Whether you're hosting a small gathering or a big family affair, these recipes from our staff will have your guests begging for seconds! Happy cooking and even happier eating!
GRANDMA OLIVIA’S COFFEE CAKE from Sara Tanner
1 box yellow cake mix
1 large box vanilla pudding mix
¾ cup water
¾ cup vegetable oil
1 tsp vanilla
¼ cup white sugar
2 tsp. cinnamon
½ cup chopped nuts of your choosing
Pre-heat oven to 350 degrees
In stand mixer, mix together yellow cake mix & vanilla pudding mix. Add water and vegetable oil and mix well. Add one egg at a time to the mixture. After the last egg is added, turn mixer on high and allow to beat for 8 minutes.
In a separate bowl, mix together sugar and cinnamon.
Grease Bundt pan with butter. Spoon a small amount of the cinnamon sugar into the pan and rotate until the sides are covered. Return any excess to the cinnamon sugar bowl. Add the chopped nuts to the cinnamon sugar mixture.
When the 8 minutes is up on the stand mixer, turn down the speed and add the vanilla until incorporated. Begin adding a layer of the mixture to the bundt pan, followed by a hefty sprinkling of the cinnamon/sugar/nut mixture. Keep layering until the last layer is just batter.
Bake at 350 for 50 minutes. Remove from oven and let cool for a bit before turning over and setting on a cooling rack. Serve with love to your family for any Holiday Breakfast!

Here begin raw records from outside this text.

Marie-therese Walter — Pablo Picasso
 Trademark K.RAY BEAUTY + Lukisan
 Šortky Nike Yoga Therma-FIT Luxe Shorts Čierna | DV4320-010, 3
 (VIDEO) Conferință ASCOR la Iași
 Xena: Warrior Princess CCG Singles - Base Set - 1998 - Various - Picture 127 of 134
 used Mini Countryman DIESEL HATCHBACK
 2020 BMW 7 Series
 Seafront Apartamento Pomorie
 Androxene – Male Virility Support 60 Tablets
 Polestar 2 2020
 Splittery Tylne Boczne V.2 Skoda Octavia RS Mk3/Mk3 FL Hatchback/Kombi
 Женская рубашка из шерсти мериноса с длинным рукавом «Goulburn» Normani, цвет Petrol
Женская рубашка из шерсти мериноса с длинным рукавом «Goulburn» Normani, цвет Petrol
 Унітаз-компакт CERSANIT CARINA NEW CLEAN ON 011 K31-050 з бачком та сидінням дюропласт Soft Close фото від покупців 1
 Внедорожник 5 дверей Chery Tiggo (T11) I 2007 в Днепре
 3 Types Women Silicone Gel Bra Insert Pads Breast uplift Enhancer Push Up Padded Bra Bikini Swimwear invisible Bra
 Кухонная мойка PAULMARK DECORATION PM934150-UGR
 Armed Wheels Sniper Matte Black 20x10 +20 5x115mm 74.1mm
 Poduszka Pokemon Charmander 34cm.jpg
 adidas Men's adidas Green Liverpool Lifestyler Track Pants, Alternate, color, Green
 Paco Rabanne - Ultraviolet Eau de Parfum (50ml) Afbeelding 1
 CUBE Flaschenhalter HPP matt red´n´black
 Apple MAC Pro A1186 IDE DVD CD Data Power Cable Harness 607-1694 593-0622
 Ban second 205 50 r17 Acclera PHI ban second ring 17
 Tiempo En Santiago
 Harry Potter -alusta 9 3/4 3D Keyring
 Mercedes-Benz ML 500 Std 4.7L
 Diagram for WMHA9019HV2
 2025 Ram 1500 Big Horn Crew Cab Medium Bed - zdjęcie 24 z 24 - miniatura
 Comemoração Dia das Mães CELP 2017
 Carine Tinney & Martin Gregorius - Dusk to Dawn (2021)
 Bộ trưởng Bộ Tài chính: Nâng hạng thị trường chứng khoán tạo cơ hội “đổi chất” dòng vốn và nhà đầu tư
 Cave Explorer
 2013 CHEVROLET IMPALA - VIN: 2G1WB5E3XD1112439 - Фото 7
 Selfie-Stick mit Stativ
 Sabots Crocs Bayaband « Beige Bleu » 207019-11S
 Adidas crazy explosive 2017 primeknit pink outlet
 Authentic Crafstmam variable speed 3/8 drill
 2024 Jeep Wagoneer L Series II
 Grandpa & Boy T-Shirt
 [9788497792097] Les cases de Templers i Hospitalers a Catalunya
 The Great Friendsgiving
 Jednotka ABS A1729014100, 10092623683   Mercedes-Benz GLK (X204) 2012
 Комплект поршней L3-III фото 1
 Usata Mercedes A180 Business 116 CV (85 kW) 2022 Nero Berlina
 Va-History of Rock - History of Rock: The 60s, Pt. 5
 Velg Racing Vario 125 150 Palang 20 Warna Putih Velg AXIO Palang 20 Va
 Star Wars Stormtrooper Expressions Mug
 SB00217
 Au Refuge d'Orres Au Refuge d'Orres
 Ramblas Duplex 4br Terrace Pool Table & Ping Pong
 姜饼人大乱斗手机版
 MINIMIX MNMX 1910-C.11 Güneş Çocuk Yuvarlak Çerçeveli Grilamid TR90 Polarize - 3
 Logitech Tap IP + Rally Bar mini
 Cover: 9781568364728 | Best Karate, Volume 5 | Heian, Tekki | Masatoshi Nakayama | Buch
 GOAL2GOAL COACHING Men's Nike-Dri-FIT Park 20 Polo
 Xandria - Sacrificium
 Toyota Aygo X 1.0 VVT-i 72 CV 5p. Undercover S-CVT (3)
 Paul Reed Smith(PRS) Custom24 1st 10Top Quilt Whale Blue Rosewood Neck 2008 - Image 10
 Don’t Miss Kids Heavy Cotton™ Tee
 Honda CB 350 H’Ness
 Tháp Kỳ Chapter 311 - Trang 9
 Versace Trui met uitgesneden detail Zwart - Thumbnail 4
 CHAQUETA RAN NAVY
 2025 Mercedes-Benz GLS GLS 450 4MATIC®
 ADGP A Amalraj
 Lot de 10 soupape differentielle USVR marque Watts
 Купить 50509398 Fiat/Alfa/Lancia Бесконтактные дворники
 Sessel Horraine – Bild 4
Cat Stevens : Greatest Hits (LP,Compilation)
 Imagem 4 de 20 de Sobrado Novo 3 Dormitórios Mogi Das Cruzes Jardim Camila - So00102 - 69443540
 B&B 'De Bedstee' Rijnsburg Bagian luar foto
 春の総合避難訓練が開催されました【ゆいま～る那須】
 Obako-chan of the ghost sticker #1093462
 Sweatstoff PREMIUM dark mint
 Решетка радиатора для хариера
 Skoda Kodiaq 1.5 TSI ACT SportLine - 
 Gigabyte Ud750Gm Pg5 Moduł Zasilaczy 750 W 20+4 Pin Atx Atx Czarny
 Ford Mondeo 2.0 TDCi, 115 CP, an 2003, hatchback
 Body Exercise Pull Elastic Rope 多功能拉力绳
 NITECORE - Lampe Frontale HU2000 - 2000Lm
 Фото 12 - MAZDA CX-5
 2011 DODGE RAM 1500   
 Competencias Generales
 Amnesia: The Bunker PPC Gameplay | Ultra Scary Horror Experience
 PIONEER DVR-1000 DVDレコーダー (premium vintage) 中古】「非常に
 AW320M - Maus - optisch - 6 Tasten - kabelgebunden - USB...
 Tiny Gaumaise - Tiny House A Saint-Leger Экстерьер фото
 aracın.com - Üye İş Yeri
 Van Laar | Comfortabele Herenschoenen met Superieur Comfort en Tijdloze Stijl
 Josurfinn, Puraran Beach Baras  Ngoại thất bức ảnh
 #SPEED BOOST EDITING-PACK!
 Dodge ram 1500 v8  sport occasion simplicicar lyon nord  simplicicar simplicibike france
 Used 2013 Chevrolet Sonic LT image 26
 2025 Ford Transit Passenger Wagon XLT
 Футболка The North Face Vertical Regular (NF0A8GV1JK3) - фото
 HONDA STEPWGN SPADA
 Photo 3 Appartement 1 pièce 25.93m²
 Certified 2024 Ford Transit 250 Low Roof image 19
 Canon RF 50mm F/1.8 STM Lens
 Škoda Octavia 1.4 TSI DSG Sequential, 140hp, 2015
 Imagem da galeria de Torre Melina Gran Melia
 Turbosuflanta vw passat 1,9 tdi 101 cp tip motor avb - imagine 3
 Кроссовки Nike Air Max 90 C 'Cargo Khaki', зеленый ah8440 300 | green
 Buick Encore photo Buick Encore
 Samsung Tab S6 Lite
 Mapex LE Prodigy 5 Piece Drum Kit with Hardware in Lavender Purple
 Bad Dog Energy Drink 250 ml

Great gift for neighbors and friends as well.
MISO BUTTER ONIONS from Elsa Marcotte
6 to 8 small onions
7 tablespoons of melted unsalted butter,
1/3 cup miso paste,
1 quart warm water
Preheat your oven to 500 degrees
Halve 6 to 8 small onions lengthwise (the smaller the better!), trim a little off the tops and bottoms (not too much – you want to ensure the onion halves stay held together at the base), and place cut-side down in a baking dish keeping a little space between each one.
In a medium bowl whisk together 7 tablespoons of melted unsalted butter, 1/3 cup miso paste, and 1 quart warm water until fully incorporated
Pour the mixture over the onions, cover tightly with aluminum foil, and bake for 35 minutes
Remove the foil, gently turn the onions over so they are cut-side up, and baste them liberally
Return the baking dish to the oven, uncovered, for another 45 to 50 minutes, basting ~every 10 minutes
Transfer onions to a serving platter, pouring the remaining sauce over them, and serve!